(EXERCISE DATA begins)
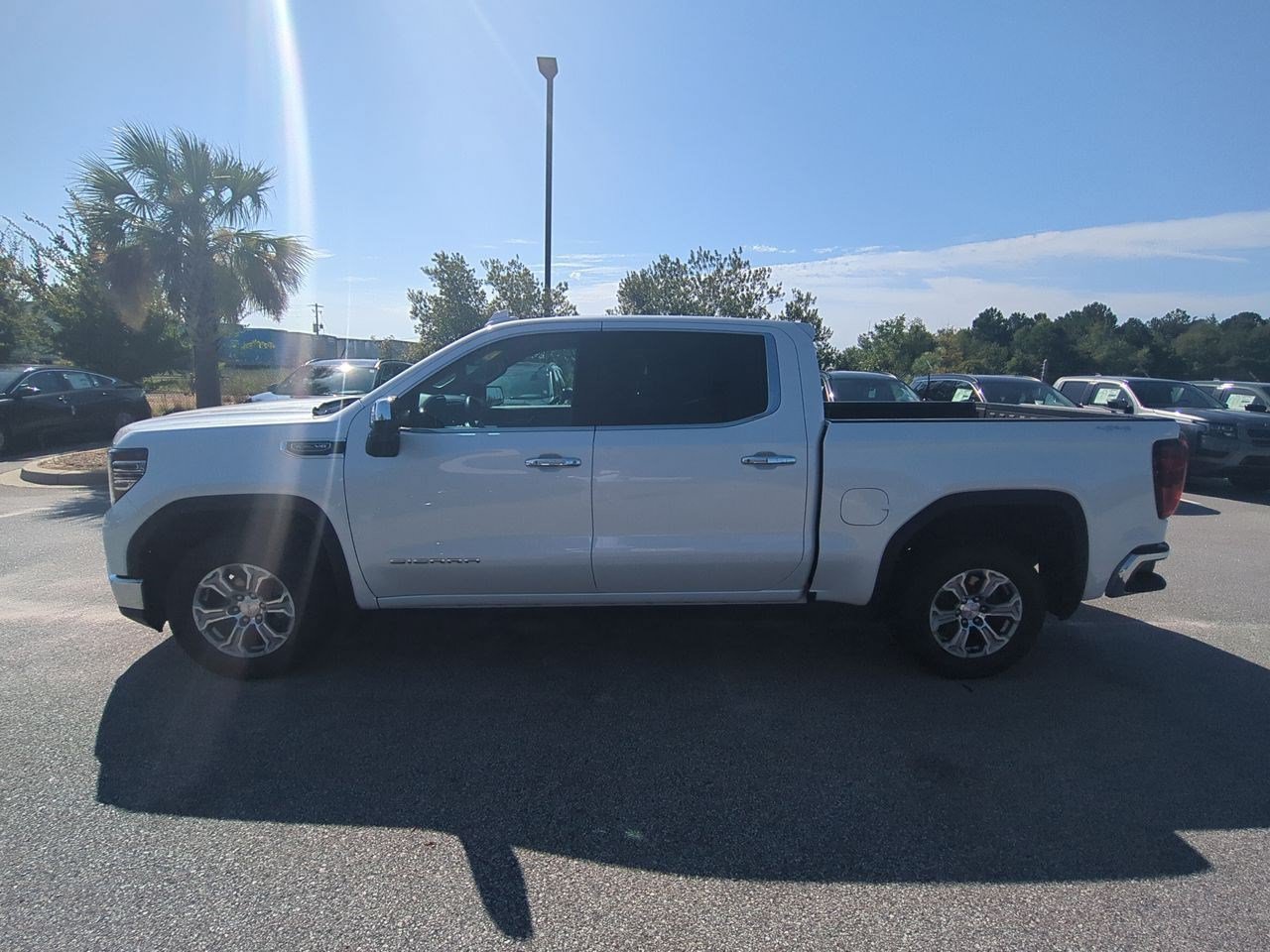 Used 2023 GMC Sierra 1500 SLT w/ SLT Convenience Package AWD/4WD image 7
(EXERCISE DATA ends)
(EXERCISE DATA begins)
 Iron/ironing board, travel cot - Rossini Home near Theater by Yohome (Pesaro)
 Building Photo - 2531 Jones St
(EXERCISE DATA ends)
(EXERCISE DATA begins)
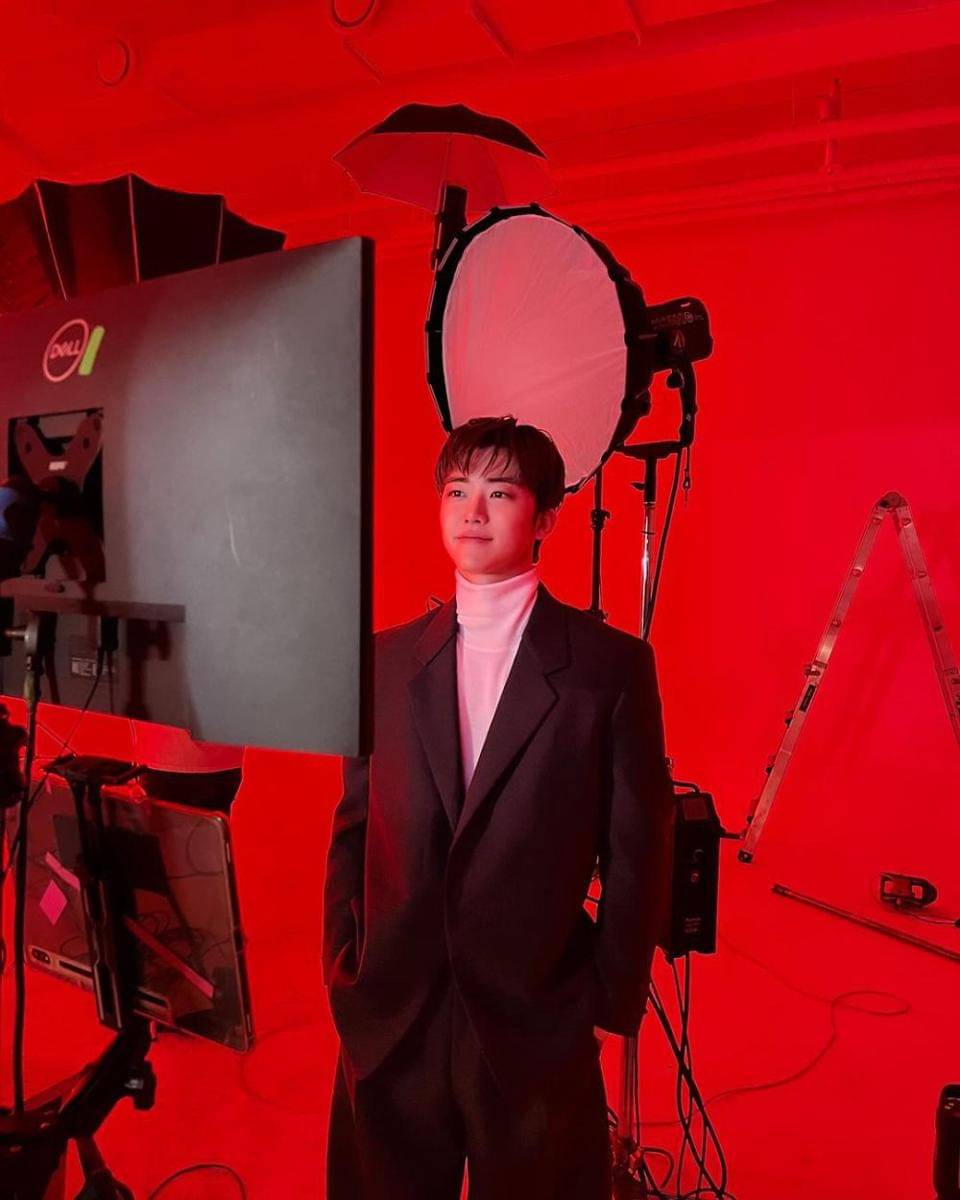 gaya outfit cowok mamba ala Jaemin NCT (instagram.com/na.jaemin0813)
(EXERCISE DATA ends)
BRIEF = Above are the records; from them, give again exactly the lines from the one containing "Iron/ironing board, travel" to the one containing "Building Photo - 2531 Jones St", both lines included, and nothing more.

RESPONSE TO THE TASK =
 Iron/ironing board, travel cot - Rossini Home near Theater by Yohome (Pesaro)
 Building Photo - 2531 Jones St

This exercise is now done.